La voile battait un rythme saccadé, régulier et rassurant, alors que nous approchions de l’embarcadère. Nous avons mis pied à terre.
« La voilà, mon îLeL ! s’exclama-t-il, fou de joie en tournant sur lui-même, bras écartés et paumes tournées vers le soleil.
– C’est magnifique ! Ce ciel violet, ce sable rouge carmin, je n’avais encore jamais vu ça ailleurs ! lui répondis-je, ébahie par tant de beauté.
– Ici, tu verras, tout sera possible. Tu trouveras tes vérités, tu redeviendras le vrai Toi, ton essence. Tu puiseras tout le meilleur pour te recréer. »
C’était assez énigmatique, je dois l’avouer. J’ai alors commencé à explorer cette île dont il me vantait tant les mérites.
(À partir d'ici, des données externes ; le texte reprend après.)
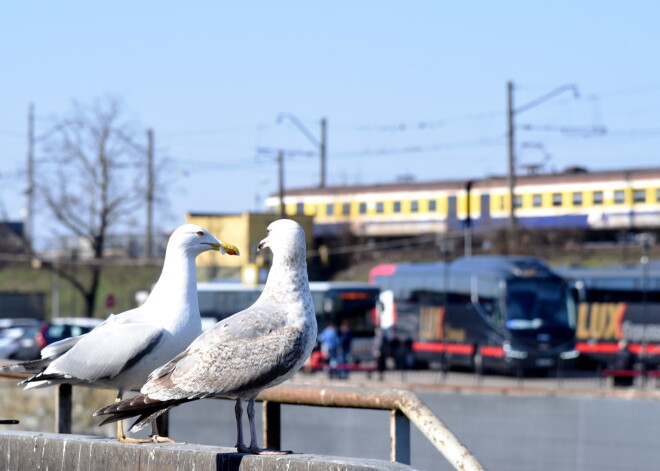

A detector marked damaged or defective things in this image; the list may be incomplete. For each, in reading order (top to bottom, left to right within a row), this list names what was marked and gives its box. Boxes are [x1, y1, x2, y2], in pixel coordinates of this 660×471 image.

rusty metal railing [0, 372, 488, 471]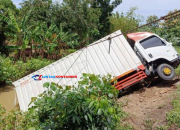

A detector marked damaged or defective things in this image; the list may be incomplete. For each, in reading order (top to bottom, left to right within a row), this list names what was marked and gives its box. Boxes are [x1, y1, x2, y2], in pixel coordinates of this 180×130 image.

overturned truck [13, 30, 180, 110]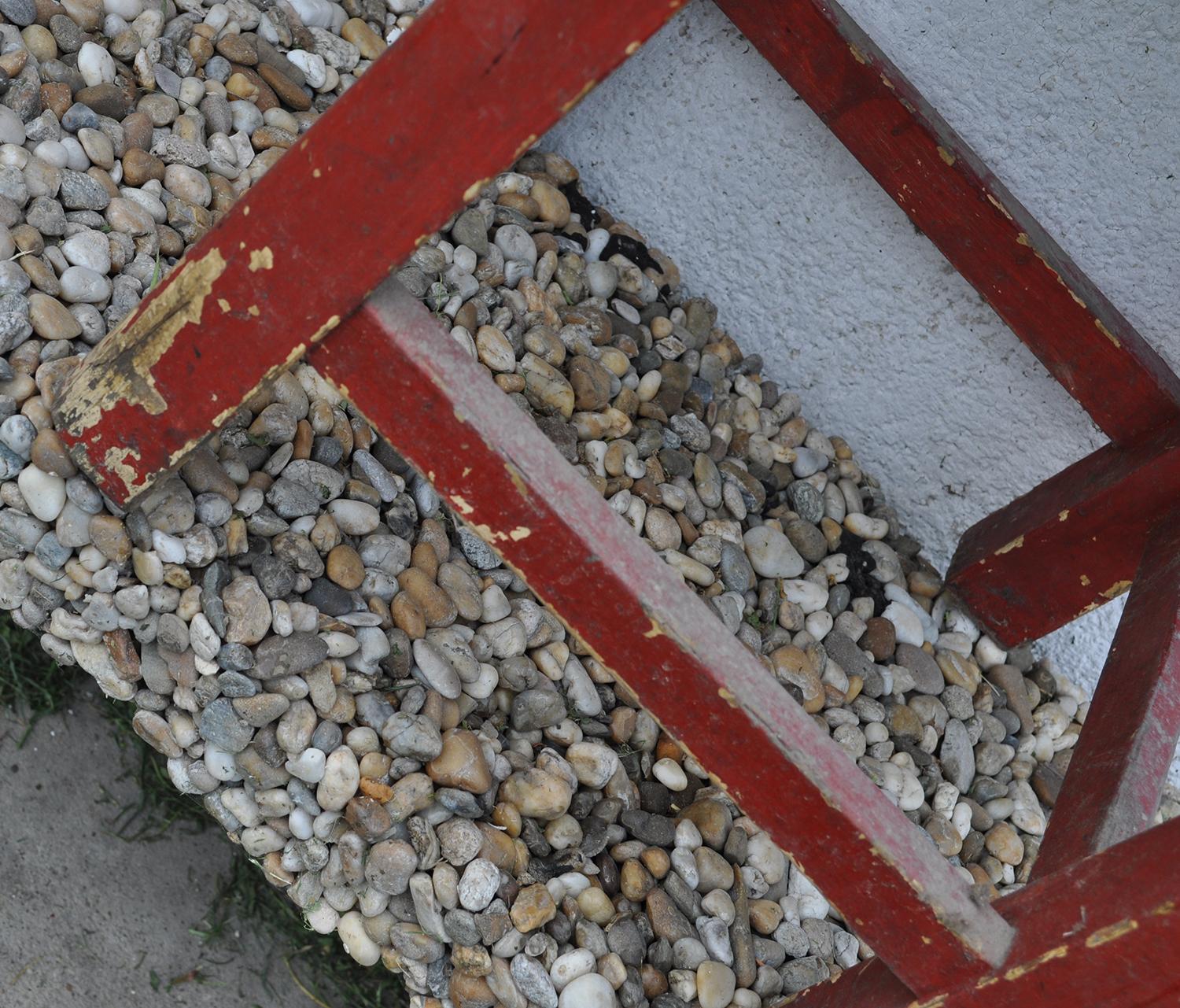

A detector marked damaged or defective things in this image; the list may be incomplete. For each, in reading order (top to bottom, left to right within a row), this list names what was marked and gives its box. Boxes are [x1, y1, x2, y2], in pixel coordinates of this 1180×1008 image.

peeling paint [57, 249, 228, 438]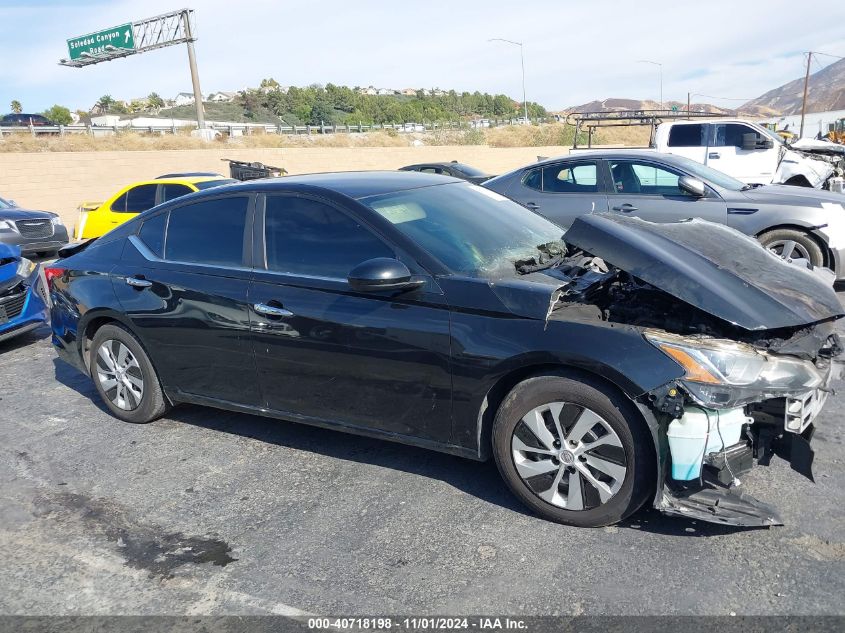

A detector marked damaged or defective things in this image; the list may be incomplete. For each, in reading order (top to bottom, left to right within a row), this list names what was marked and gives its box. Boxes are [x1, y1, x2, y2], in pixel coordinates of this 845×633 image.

crumpled hood [560, 214, 844, 330]
severe front-end damage [528, 215, 844, 524]
broken headlight [648, 328, 816, 408]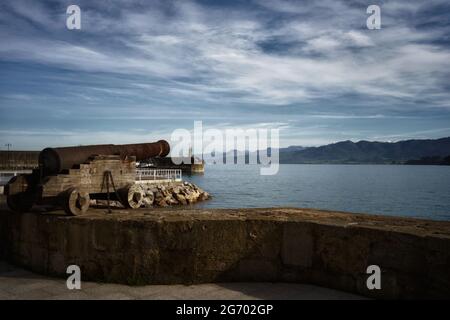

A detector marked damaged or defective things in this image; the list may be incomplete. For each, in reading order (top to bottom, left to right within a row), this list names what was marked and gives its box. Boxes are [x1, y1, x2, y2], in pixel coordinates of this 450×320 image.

rusty cannon [4, 140, 170, 215]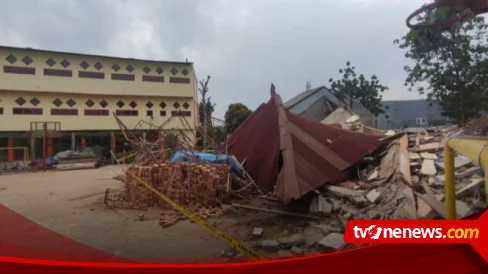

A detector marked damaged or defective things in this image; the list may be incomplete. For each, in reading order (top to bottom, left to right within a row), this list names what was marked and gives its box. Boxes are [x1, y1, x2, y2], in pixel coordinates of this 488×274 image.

damaged school building [0, 45, 198, 167]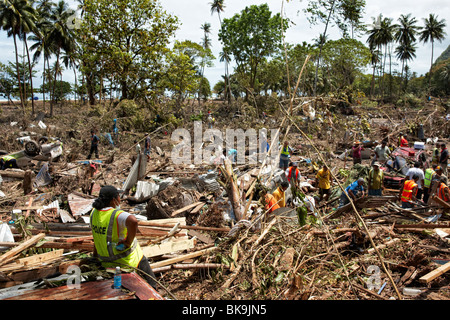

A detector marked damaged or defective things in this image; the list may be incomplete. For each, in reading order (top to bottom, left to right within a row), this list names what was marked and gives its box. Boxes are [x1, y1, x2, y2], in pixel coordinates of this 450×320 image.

broken wooden plank [0, 232, 46, 268]
broken wooden plank [418, 262, 450, 284]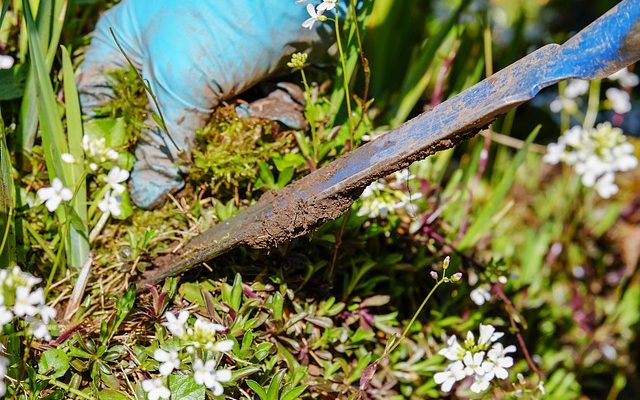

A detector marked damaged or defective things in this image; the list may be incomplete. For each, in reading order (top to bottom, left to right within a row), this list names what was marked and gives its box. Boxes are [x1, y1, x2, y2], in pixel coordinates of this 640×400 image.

rusty blade [138, 0, 640, 288]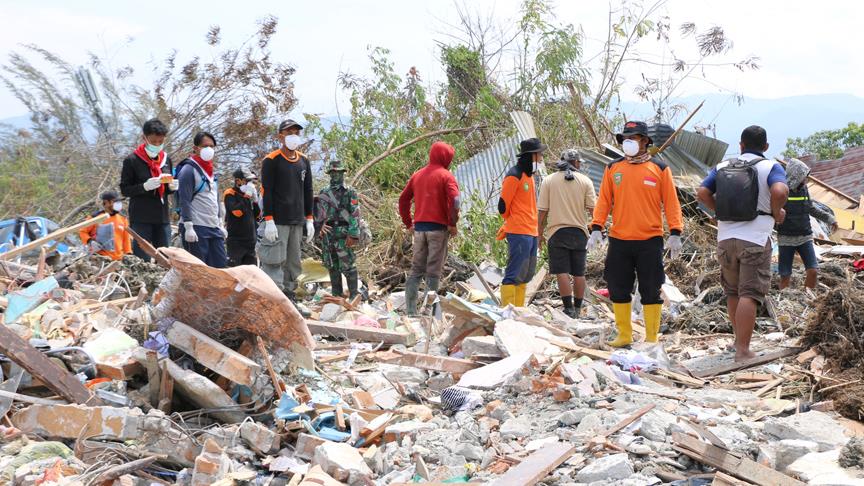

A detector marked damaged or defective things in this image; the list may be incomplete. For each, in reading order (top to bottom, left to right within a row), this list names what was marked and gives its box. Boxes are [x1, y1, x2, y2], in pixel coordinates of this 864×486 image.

L’île était infinie et j’avais envie d’y passer le restant de mes jours, car à chacun de ses recoins explorés dix fois, cent fois, je redécouvrais inexorablement des nouvelles beautés. La musique était partout. Une délicieuse pop transcendantale qui me faisait oublier toutes les conventions sociétales ordinaires. Mes pieds remuaient en tous sens, mon corps s’agitait en des sortes de soubresauts alors que de temps à autre, un de mes bras se jetait dans les airs de manière incontrôlée. Hildebrandt, de loin, m’observait, et semblait heureux : « j’aime quand tu balances maladresses et la grâce, comme ça ». Et il se mettait à danser avec moi en chantant « Au-delà si tu danses à revers, au-delà si tu danses à rêver là, ne change pas » (Revers). Peu importe la façon pourvu qu’on ait la liesse.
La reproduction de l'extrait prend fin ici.